EXPERIENCE
IS THE BEST TEACHER
Outline:-
1.
Experience teaches how to live.
2.
We learn by experience, (a) Young
people, (b) and older people.
3.
It is we who make the lessons of
experience pleasant or unpleasant.
Experience, as everybody knows, is
the best teacher. Its main aim is to teach us how to live. No one can teach us
this as well as it can. It is stern schoolmistress. It sets us hard lessons,
punishes severely who are inattentive and stupid, and charges very high fees.
But what it teaches, it teaches in a way as through as possible. We never
forget its lessons. The worst of it is that we sometimes learn its lessons too
late. The man who breaks all the rules of health in his youth by
self-indulgence and vice, learns at last, when his health is wrecked for life,
the right way of living; but too late to be of any use to him.
It may be that we should be glad to
learn how to live well from the experience of our fathers, as recorded in
books, or as taught by the advice of our elders. But somehow many young people
do not. They scoff at warnings and advice, and go their own way. You may warn a
child against playing with matches; but he does not believe you, until he
scorches his hands. After the “burnt child dreads the fire”. You tell a boy not
to meddle with stray dogs; but he turns a deaf ear till he gets a nasty bite
from one. After that “once bitten, twice shy”. He has to learn from experience;
and its lessons he is not apt to forget.
In the same way older people have
to learn for themselves, often by bitter experience, such old truths as, “honesty
is the best policy”, All is not gold that glitters”, “A rolling stone gathers
no moss”, “He who touches pitch is defiled”, “No pains, no gains”, “Waste not,
want not”, “Cut your coat according to your cloth”, “A fool and his money are
soon parted”, “Look before you leap”, and “The way of transgressors is hard”.
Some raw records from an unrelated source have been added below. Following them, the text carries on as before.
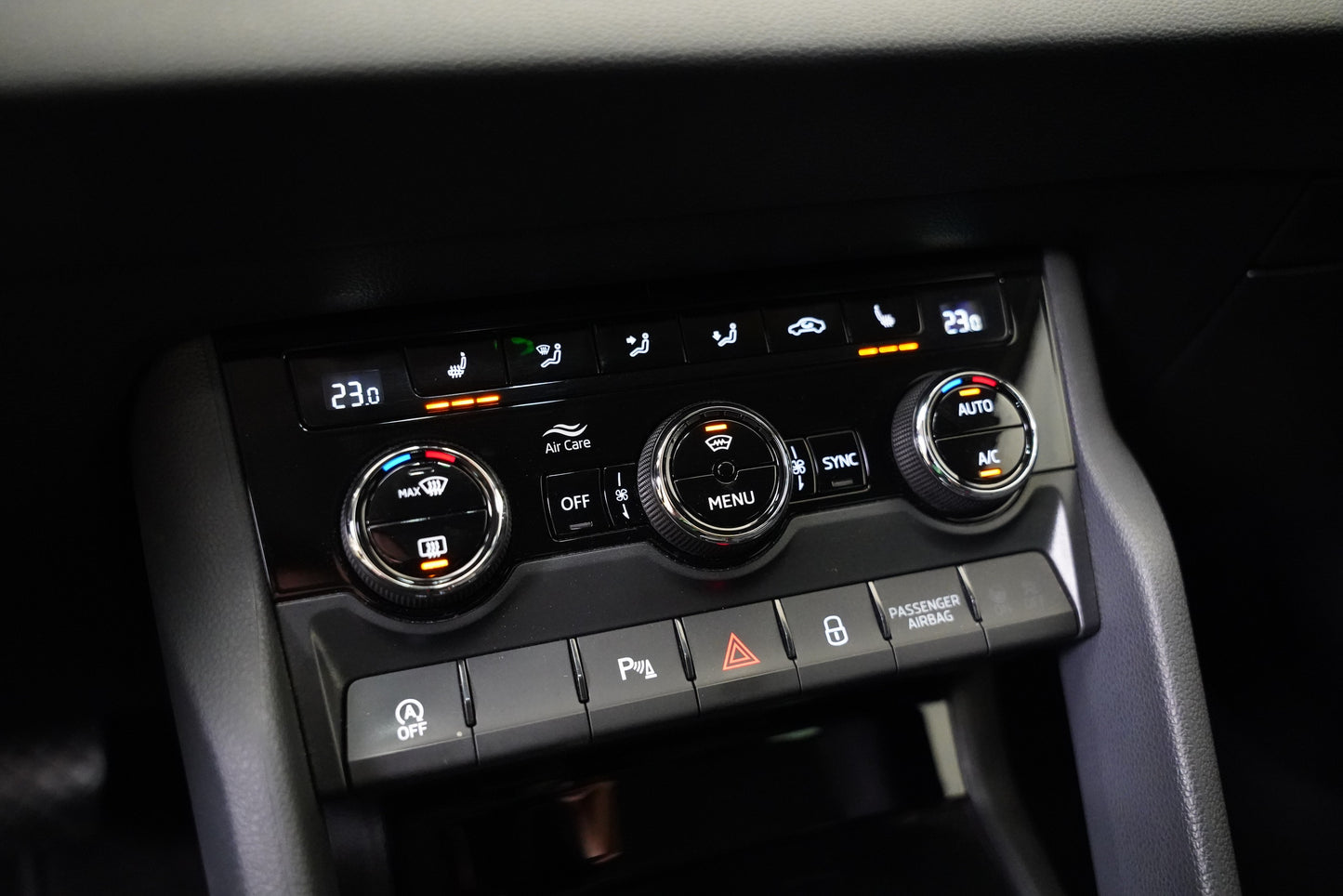 Škoda Karoq 1.5 TSI 110 kW Top Selection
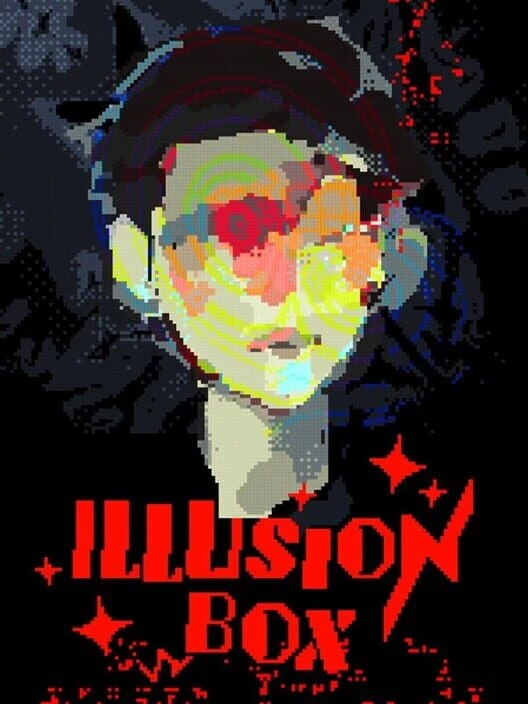 Couverture de Illusion Box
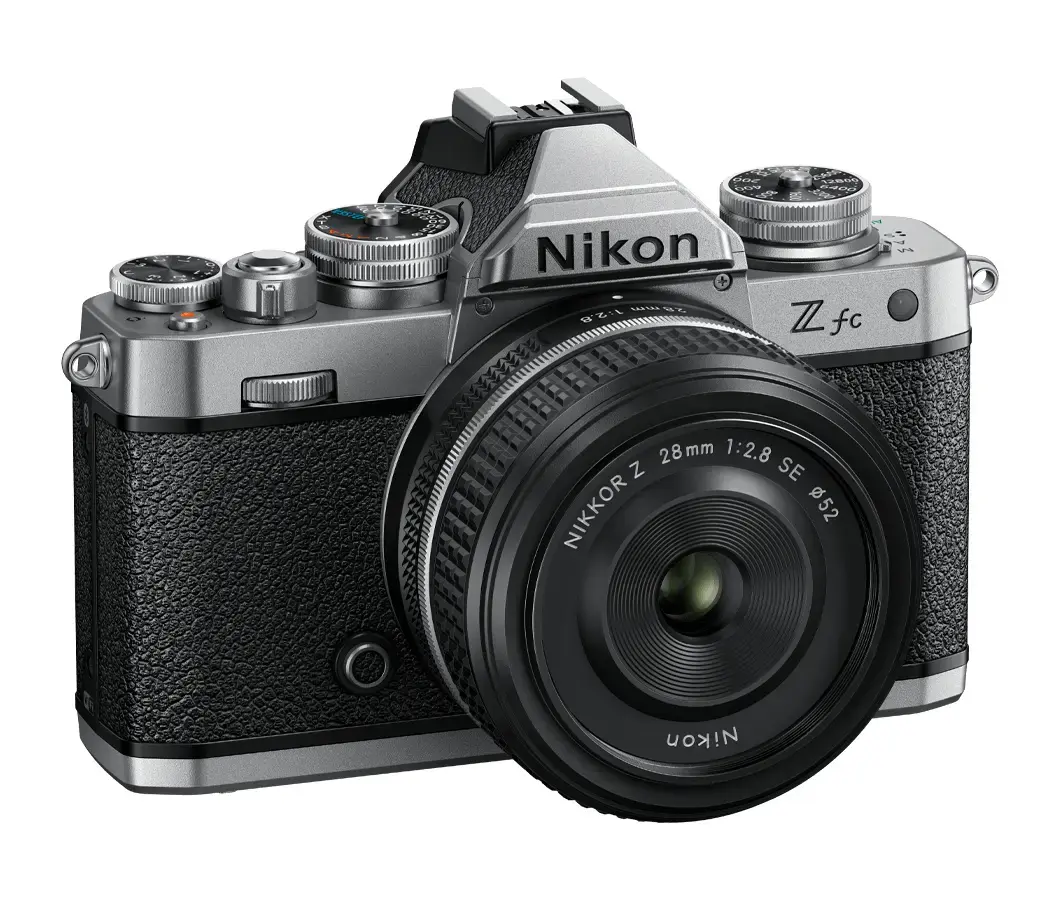 Nikon Z fc + 28 SE-kit MILC Photo 9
In such old proverbs much wisdom gained by experience has been stored. It is by
suffering we learn patience; by facing danger we learn courage; by sorrow we
learn sympathy, by mistakes we learn wisdom.
But all its lessons are not
unpleasant. Whether they are pleasant or unpleasant depends on ourselves. For we
can just as easily learn from experience that honesty pays in the long run, as
that dishonesty does not; that temperance maintains health, as that excess
selfishness breeds unhappiness; and that hard work brings success, as that
idleness means failure.
In short, experience shapes us what
we are. It is on what our success in life depends.